TABLE 10.3: Previously seen regression table
term estimate std_error statistic p_value lower_ci upper_ci
intercept 3.880 0.076 50.96 0 3.731 4.030
bty_avg 0.067 0.016 4.09 0 0.035 0.099

Given the lack of practical interpretation for the fitted intercept \(b_0\), in this section we’ll focus only on the second row of the table corresponding to the fitted slope \(b_1\). We’ll first interpret the std_error, statistic, p_value, lower_ci and upper_ci columns. Afterwards in the upcoming Subsection 10.2.5, we’ll discuss how R computes these values.

10.2.1 Standard error

The third column of the regression table in Table 10.1 std_error corresponds to the standard error of our estimates. Recall the definition of standard error we saw in Subsection 7.3.2:

The standard error is the standard deviation of any point estimate computed from a sample.

So what does this mean in terms of the fitted slope \(b_1\) = 0.067? This value is just one possible value of the fitted slope resulting from this particular sample of \(n\) = 463 pairs of teaching and beauty scores. However, if we collected a different sample of \(n\) = 463 pairs of teaching and beauty scores, we will almost certainly obtain a different fitted slope \(b_1\). This is due to sampling variability.

Say we hypothetically collected 1000 such samples of pairs of teaching and beauty scores, computed the 1000 resulting values of the fitted slope \(b_1\), and visualized them in a histogram. This would be a visualization of the sampling distribution of \(b_1\), which we defined in Subsection 7.3.2. Further recall that the standard deviation of the sampling distribution of \(b_1\) has a special name: the standard error.

Recall that we constructed three sampling distributions for the sample proportion \(\widehat{p}\) using shovels of size 25, 50, and 100 in Figure 7.12. We observed that as the sample size increased, the standard error decreased as evidenced by the narrowing sampling distribution.

The standard error of \(b_1\) similarly quantifies how much variation in the fitted slope \(b_1\) one would expect between different samples. So in our case, we can expect about 0.016 units of variation in the bty_avg slope variable. Recall that the estimate and std_error values play a key role in inferring the value of the unknown population slope \(\beta_1\) relating to all instructors.

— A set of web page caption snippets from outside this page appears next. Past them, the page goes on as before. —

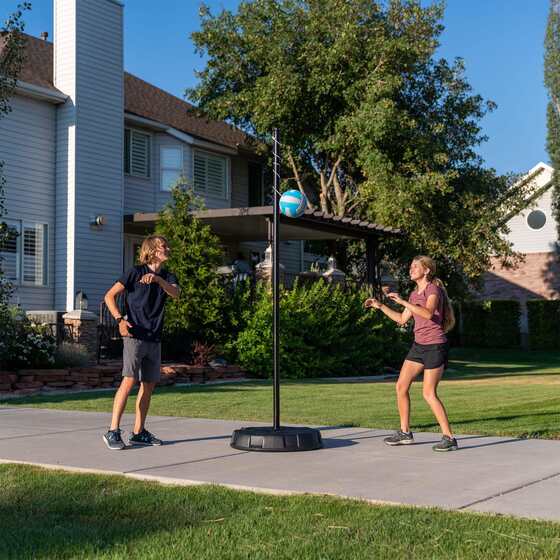 Two players face off outdoors, taking turns striking a Lifetime tetherball tied to a tall sturdy steel pole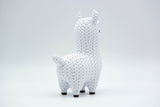 Figurine de lama tricotée sur une étagère en bois à côté d'une petite plante et de livres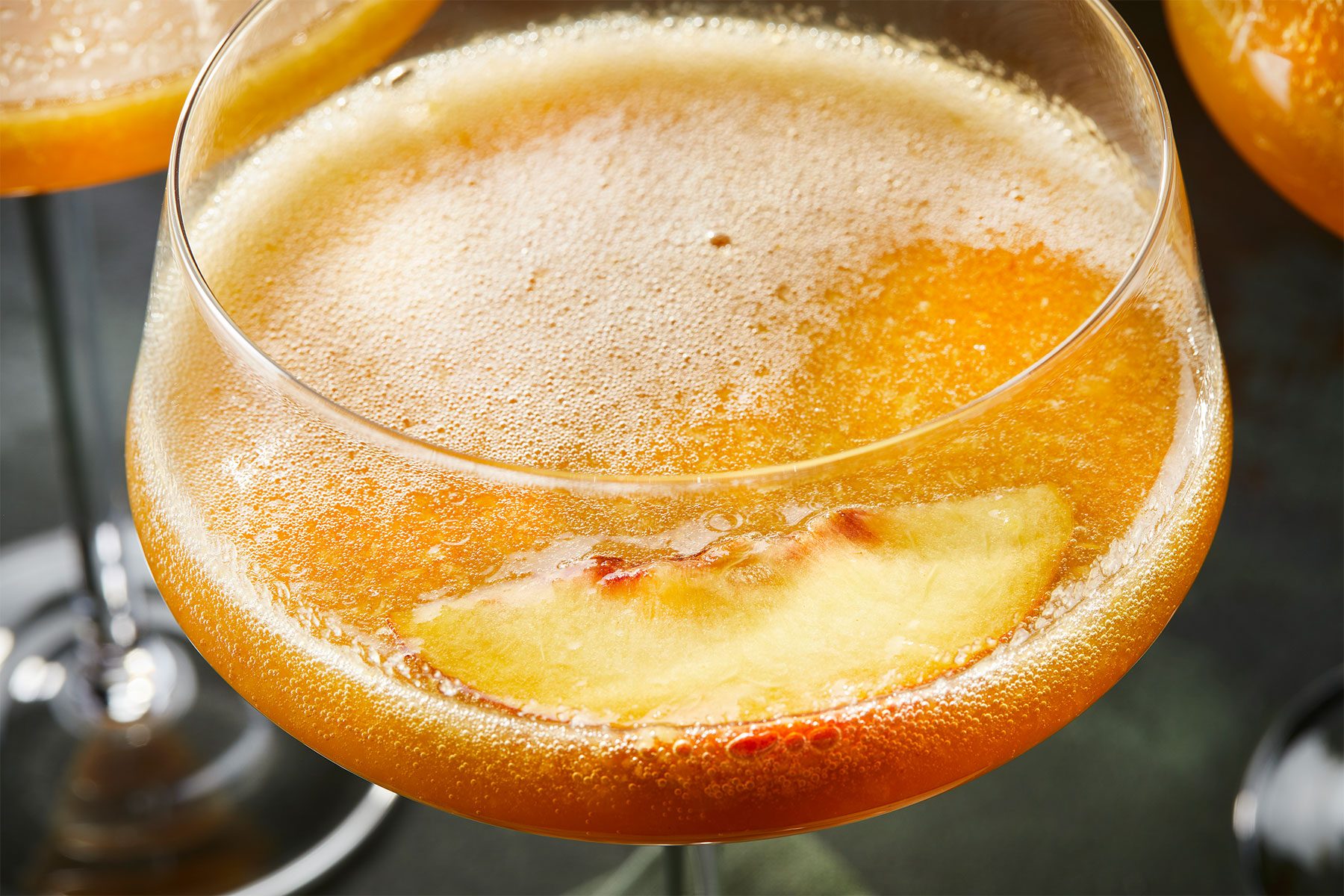 Hot Honey Peach Bellini closeup with a slice of peach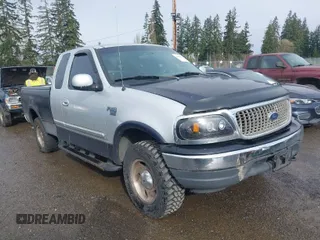 2000 Ford F-150 XL with VIN 1FTRX18L8YKA72409, listed as a IAAI auction lot 41928360 with 167,251 mi miles. Bid and sale history available at carsss.com. Image 1.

In Section 10.4, we’ll perform a simulation using the infer package to construct the bootstrap distribution for \(b_1\) in this case. Recall from Subsection 8.7.1 that the bootstrap distribution is an approximation to the sampling distribution in that they have a similar shape. Since they have a similar shape, they have similar standard errors. However, unlike the sampling distribution, the bootstrap distribution is constructed from a single sample, which is a practice more aligned with what’s done in real life.

10.2.2 Test statistic

The fourth column of the regression table in Table 10.1 statistic corresponds to a test statistic relating to the following hypothesis test:

\[ \begin{aligned} H_0 &: \beta_1 = 0\\ \text{vs } H_A&: \beta_1 \neq 0. \end{aligned} \]

Recall our terminology, notation, and definitions related to hypothesis tests we introduced in Section 9.2.

A hypothesis test consists of a test between two competing hypotheses: (1) a null hypothesis \(H_0\) versus (2) an alternative hypothesis \(H_A\).

A test statistic is a point estimate/sample statistic formula used for hypothesis testing.

Here, our null hypothesis \(H_0\) assumes that the population slope \(\beta_1\) is 0. If the population slope \(\beta_1\) is truly 0, then this is saying that there is no true relationship between teaching and “beauty” scores for all the instructors in our population. In other words, \(x\) = “beauty” score would have no associated effect on \(y\) = teaching score. The alternative hypothesis \(H_A\), on the other hand, assumes that the population slope \(\beta_1\) is not 0, meaning it could be either positive or negative. This suggests either a positive or negative relationship between teaching and “beauty” scores. Recall we called such alternative hypotheses two-sided. By convention, all hypothesis testing for regression assumes two-sided alternatives.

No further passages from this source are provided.